I went to bed last night with the burning desire to go for a run in the morning. “I’m going to do it” I told myself. I will get up in the morning and go for a run before Joe has to leave. Visions of the “before time” when I would run miles and miles for fun and alone time danced in my head as I listened to the office and fell asleep.

When I woke up, I was still determined. While I did linger in bed for a bit, I got up, got myself dressed found my headphones and set off. I was just going to start Couch to 5K back up, knowing that I was no where near where I had been. I started off with my five minute warm up walk and was feeling great. It was still dark out, and honestly, this is my favorite time to run, before the whole world wakes up. Suddenly the Couch to 5K shouted out “Let’s jog” and I was ready…

Until I absolutely wasn’t. My right knee hurt. My left foot hurt. my gait was all wrong. Everything was off. It was only a minute but it felt like an eternity. After the second or third time I decided to just walk for the rest of the 30 minutes.

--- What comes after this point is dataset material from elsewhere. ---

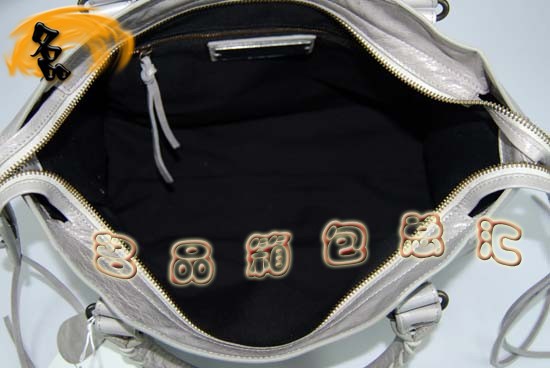 115748L  �������ҙC(j��)܇(ch��)�� Balenciaga�μ�� �M(j��n)����Ƥ�r(sh��)��Ů�� ����� �\��ɫ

Now, you may think this makes me a quitter. And up until last night around 10 pm. I would have one hundred percent agreed with you. But I was proud of myself. I stopped when something was painful (not uncomfortable, but actually painful) but I still finished out the exercise in some way instead of feeling intensely defeated and just heading home and throwing myself a pity party all day.

For the rest of my walk I forced myself to face some fast and hard truths about this situation. It has been MONTHS since I have run at all and YEARS since I have really run (as in not Couch to 5K with stops built in). The separation and divorce years were not good to me, both mentally and physically. If I am being completely honest, they broke me. It has literally taken me this long to try and attempt to put myself back together, and I’m not only to lie it is extremely hard. I feel like I lost all of myself, including the parts that I loved and I am just now feeling strong enough to try and get them back.

But it’s going to be an incredibly hard road. Just because you’ve done it once, doesn’t mean it’s easier the second time. I am almost the same weight as I was at my heaviest in 2013…a number I swore to myself I would never see again. When I really started running I was almost 40 pounds lighter than I am now. And when I was training for half marathons and marathons I was 60-70 pounds lighter. As much as I want to rush and skip steps just to try to be where I once was, I know this is not the answer. I need to take my time. I need to relearn the basics. I need to find the correct path, the one where it may be hard and treacherous, but I’ll come out stronger in the end.

I really feel that girl I once was is still in there, just waiting for the opportunity to come out and shine.

She is. I know she is. She’s just going to take a little while to do it. And that’s ok.